• [Your instructions]
Leave the pictures out, and transcribe the material below exactly from the line with "Tài năng trẻ" to the line with "Louie Relaxed Cotton-Linen", both lines included.

• [Extracted records]
⁂

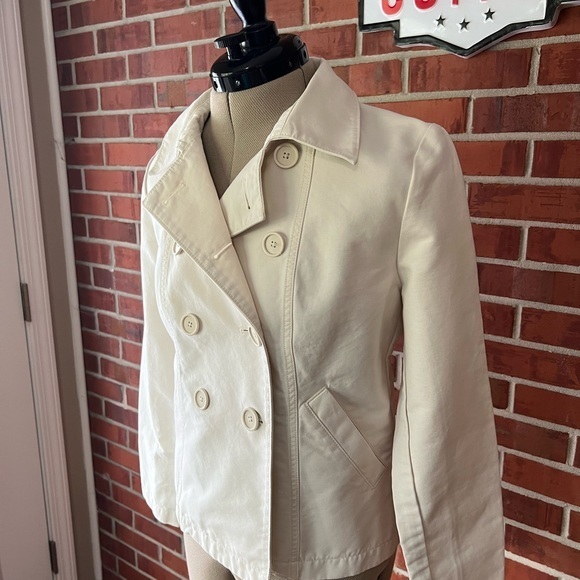 Gap size Small cream colored double breast 100% cotton long sleeve jacket. - Picture 2 of 9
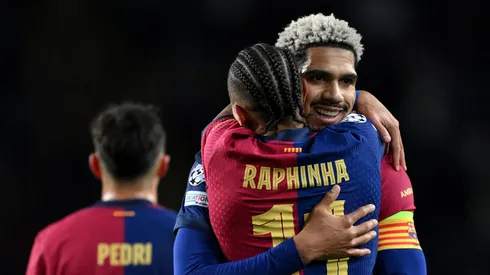 Ficar no Barcelona sempre foi o desejo de Ronald Araújo, diz o zagueiro.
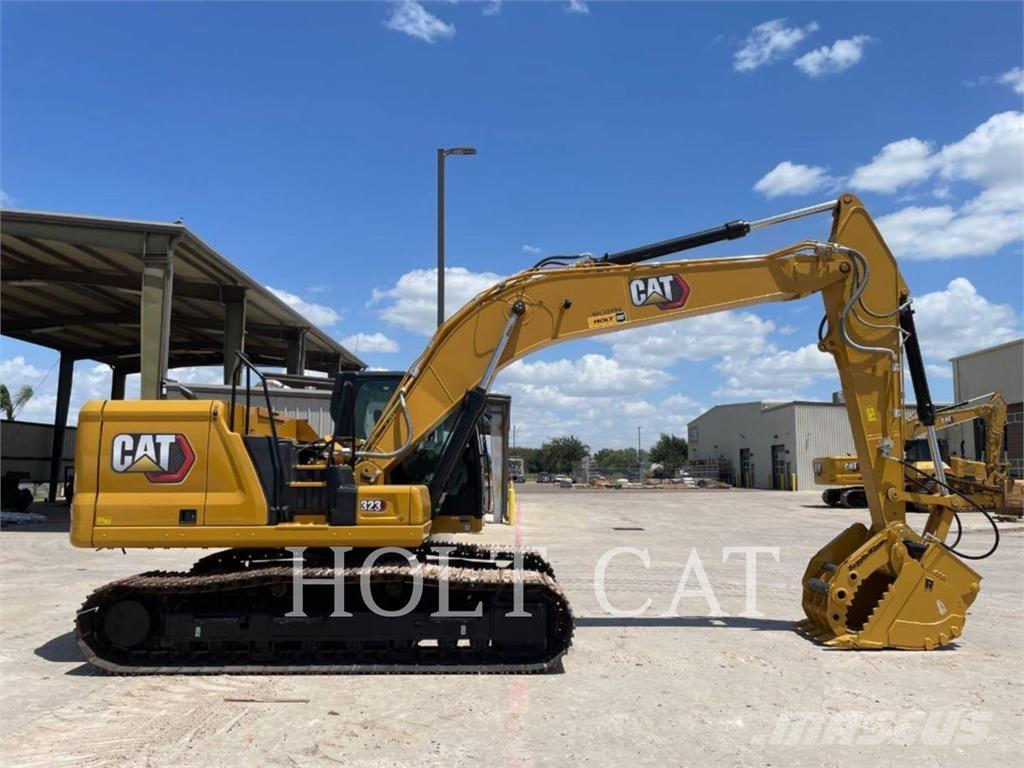CAT 323 TC Telakaivukoneet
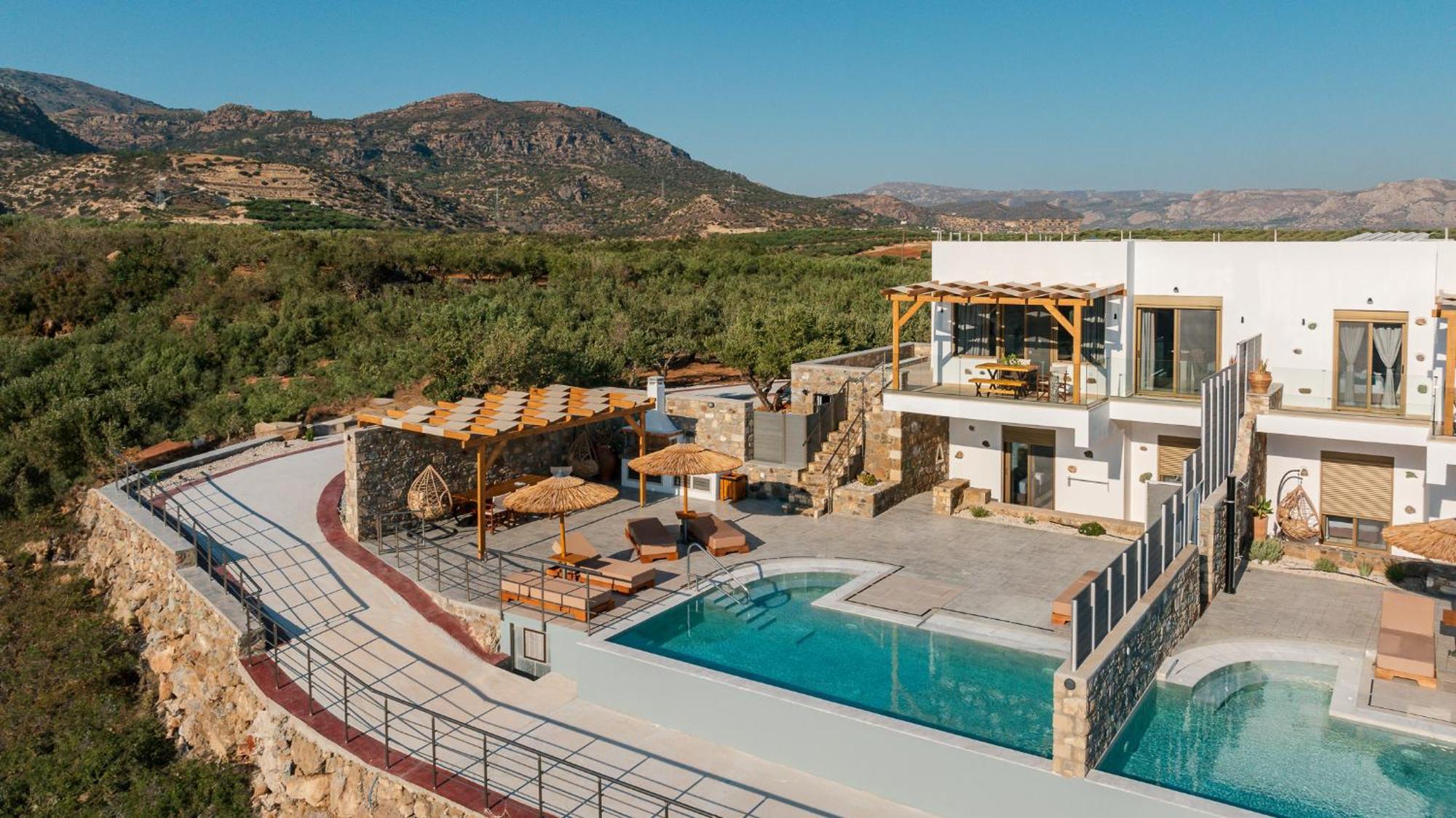 Mediterranean View Villa Makrýgialos Екстериор снимка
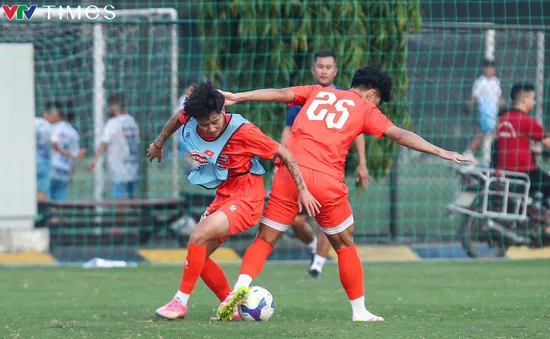 Tài năng trẻ Việt kiều nỗ lực tập luyện cùng U22 Việt Nam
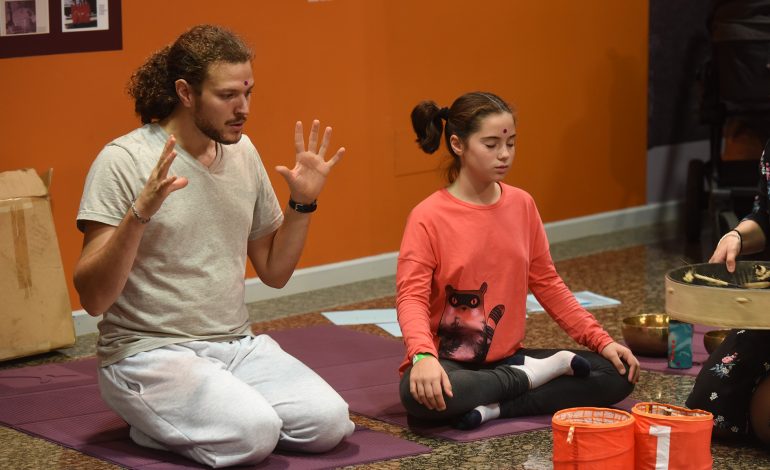 Niños, padres, madres y docentes ponen en práctica la Atención Plena de la mano de los mayores expertos en Mindfulness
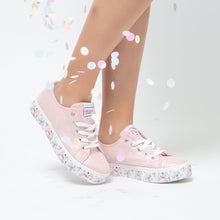 Cargar imagen en el visor de la galería, Zapatos deportivos rosas metalizados para niña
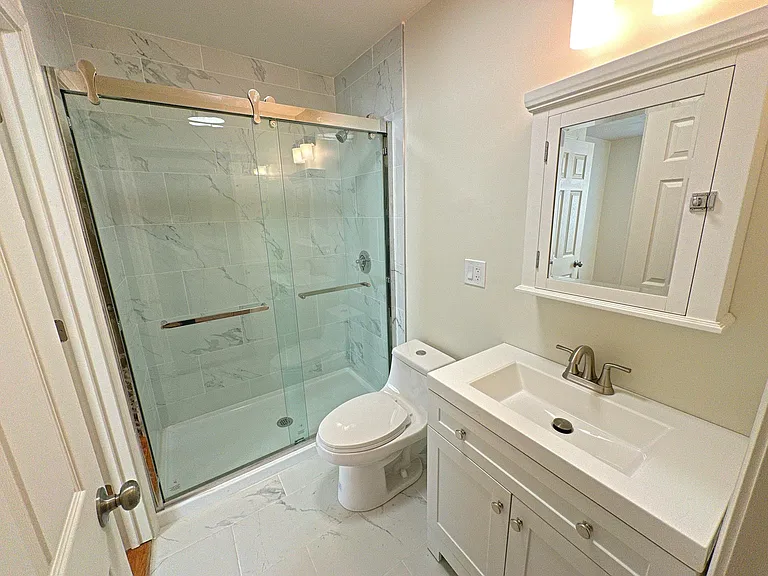 130 W 8th St #1 — Photo 32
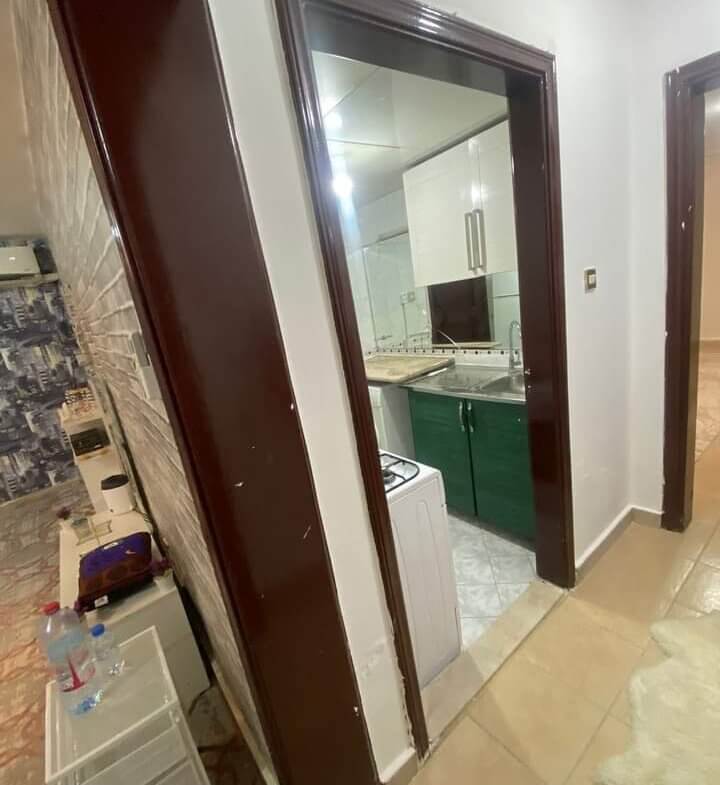 للإيجار داخل أبو ظبي غرفة وصالة مفروشة | For rent inside Abu Dhabi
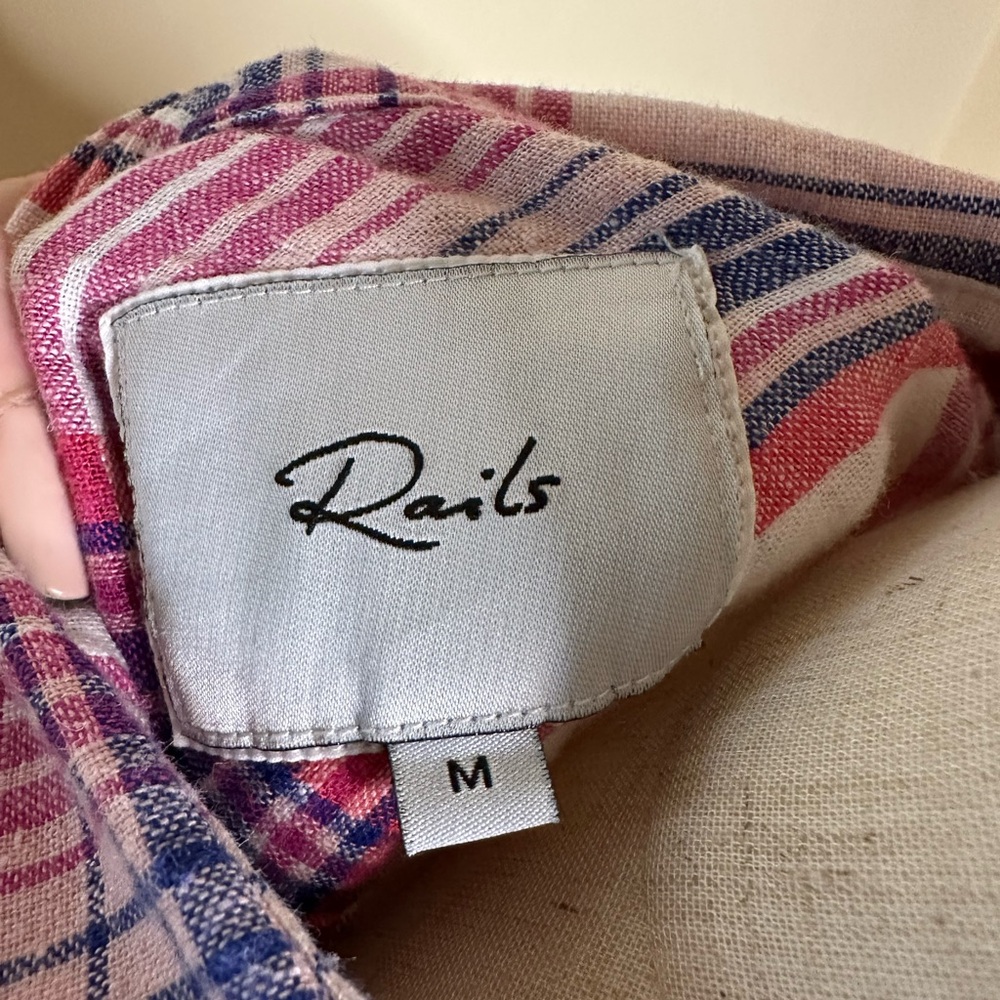 Rails “Charli” plaid linen rayon blouse in fuschia & white peach Size Medium - Picture 2 of 9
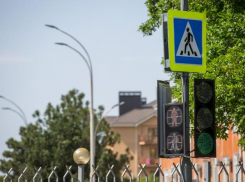 В Анапе на улице Астраханской заработал новый светофор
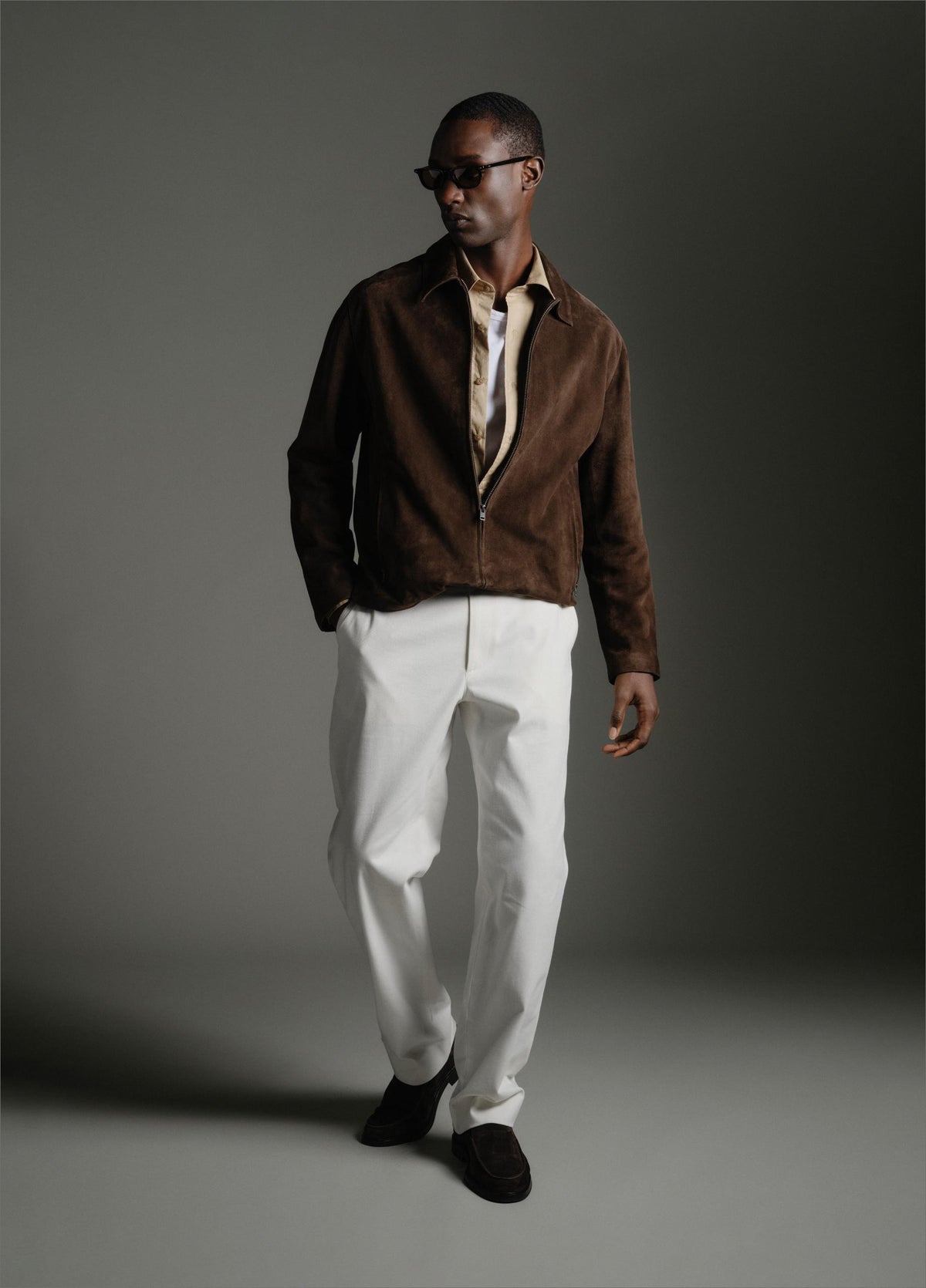 Louie Relaxed Cotton-Linen Chino Pant - US 9433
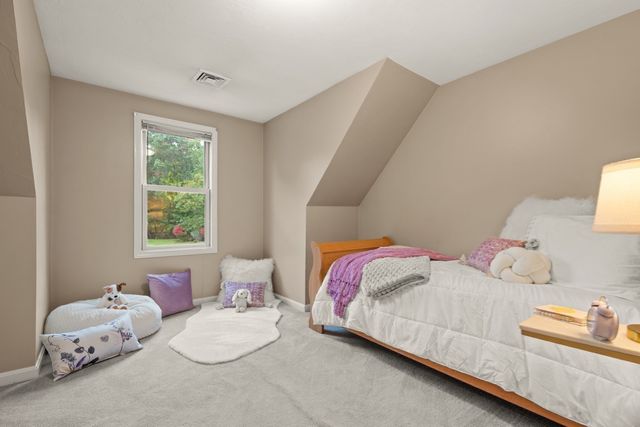 20 Dennison Ct, Stoughton, MA 02072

⁂

• [Answer area]
 Tài năng trẻ Việt kiều nỗ lực tập luyện cùng U22 Việt Nam
 Niños, padres, madres y docentes ponen en práctica la Atención Plena de la mano de los mayores expertos en Mindfulness
 Cargar imagen en el visor de la galería, Zapatos deportivos rosas metalizados para niña
 130 W 8th St #1 — Photo 32
 للإيجار داخل أبو ظبي غرفة وصالة مفروشة | For rent inside Abu Dhabi
 Rails “Charli” plaid linen rayon blouse in fuschia & white peach Size Medium - Picture 2 of 9
 В Анапе на улице Астраханской заработал новый светофор
 Louie Relaxed Cotton-Linen Chino Pant - US 9433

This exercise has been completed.